→ **REQUIRED WORK**:
Restate every line of the material below word for word, skipping the images.

→ **RAW DATA**:

---------------

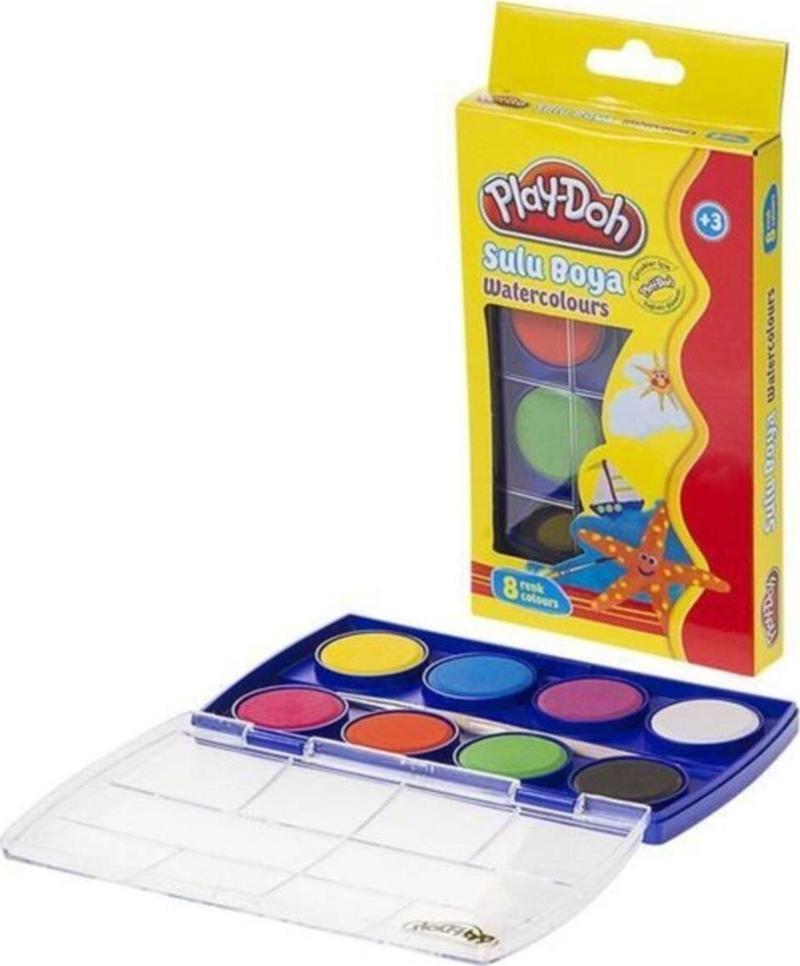 Play Doh Mavi Sulu Boya 8'li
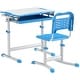 preview thumbnail 8 of 12, Ergonomic Children's Desk and Chair Set with Tilting Desktop, Storage Drawer, and Adjustable Height Blue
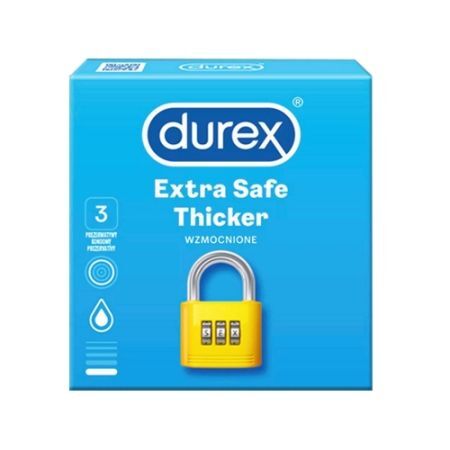 DUREX EXTRA SAFE Prezerwatywy wzmocnione x 3 szt.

---------------

→ **ANSWER TO THIS PROBLEM**:
 Play Doh Mavi Sulu Boya 8'li
 preview thumbnail 8 of 12, Ergonomic Children's Desk and Chair Set with Tilting Desktop, Storage Drawer, and Adjustable Height Blue
 DUREX EXTRA SAFE Prezerwatywy wzmocnione x 3 szt.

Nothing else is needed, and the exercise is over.